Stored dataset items
▬▬▬▬▬▬▬▬▬▬
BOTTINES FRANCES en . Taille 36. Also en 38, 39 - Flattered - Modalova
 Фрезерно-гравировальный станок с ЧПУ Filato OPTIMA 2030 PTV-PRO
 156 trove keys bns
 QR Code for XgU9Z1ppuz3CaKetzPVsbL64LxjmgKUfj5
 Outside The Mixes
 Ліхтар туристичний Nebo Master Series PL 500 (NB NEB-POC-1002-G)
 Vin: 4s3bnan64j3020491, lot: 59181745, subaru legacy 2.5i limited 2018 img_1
▬▬▬▬▬▬▬▬▬▬
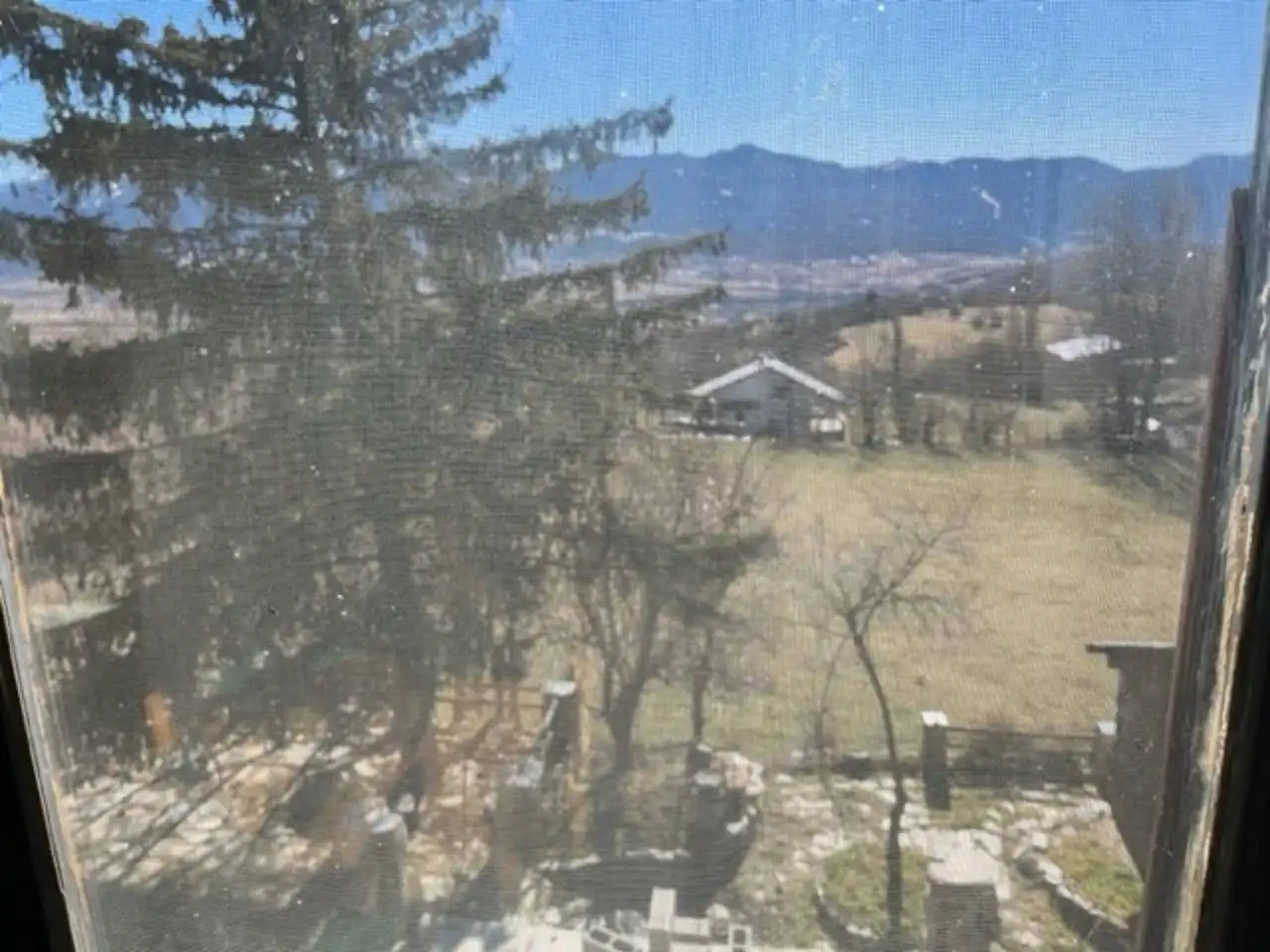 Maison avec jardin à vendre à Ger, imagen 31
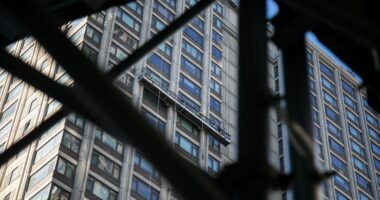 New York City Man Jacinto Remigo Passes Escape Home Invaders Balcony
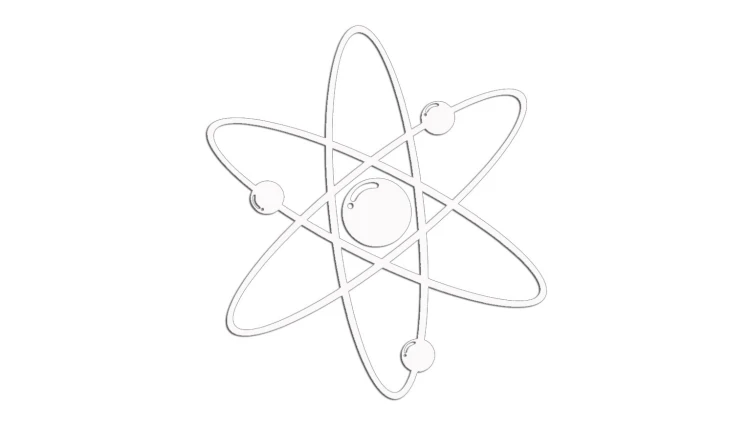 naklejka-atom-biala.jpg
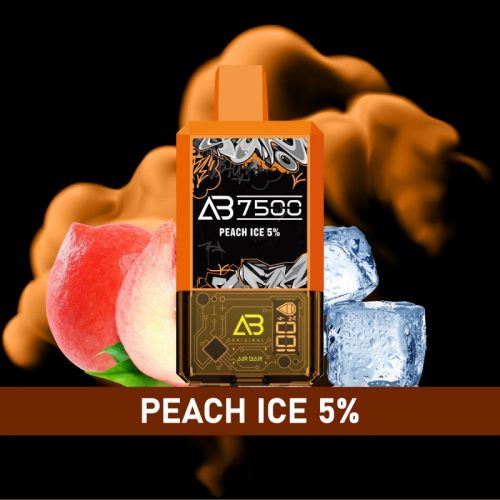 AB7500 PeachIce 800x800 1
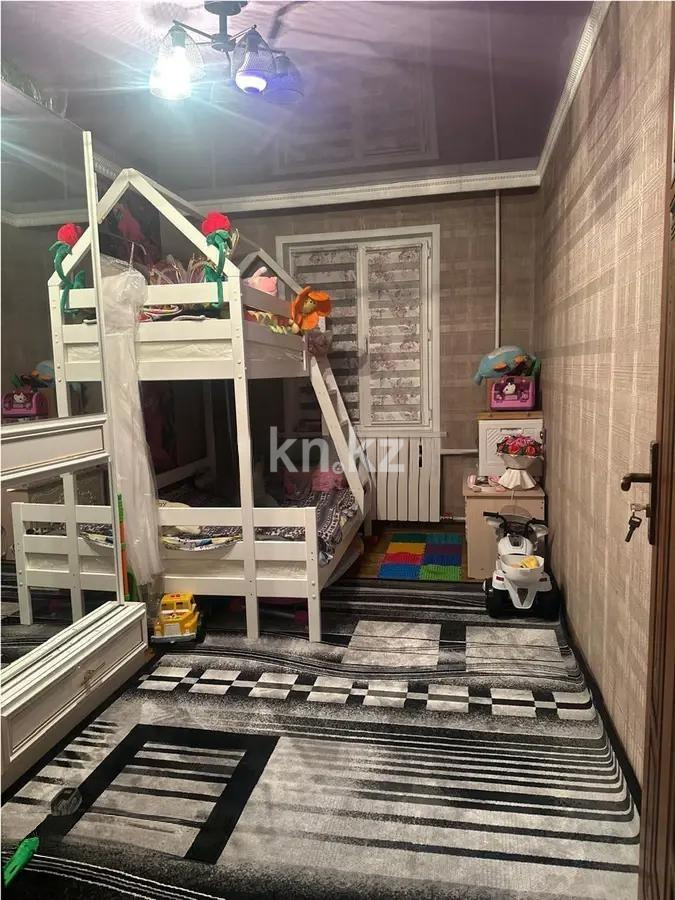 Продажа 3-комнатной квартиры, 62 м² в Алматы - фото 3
▬▬▬▬▬▬▬▬▬▬
§ **BRIEF**: Nothing but the lines from the one with "New York City" to the one with "Продажа 3-комнатной квартиры, 62" above, both included, should be transcribed, exactly and without pictures.

§ **SOLUTION FOR THIS EXERCISE**:
 New York City Man Jacinto Remigo Passes Escape Home Invaders Balcony
 naklejka-atom-biala.jpg
 AB7500 PeachIce 800x800 1
 Продажа 3-комнатной квартиры, 62 м² в Алматы - фото 3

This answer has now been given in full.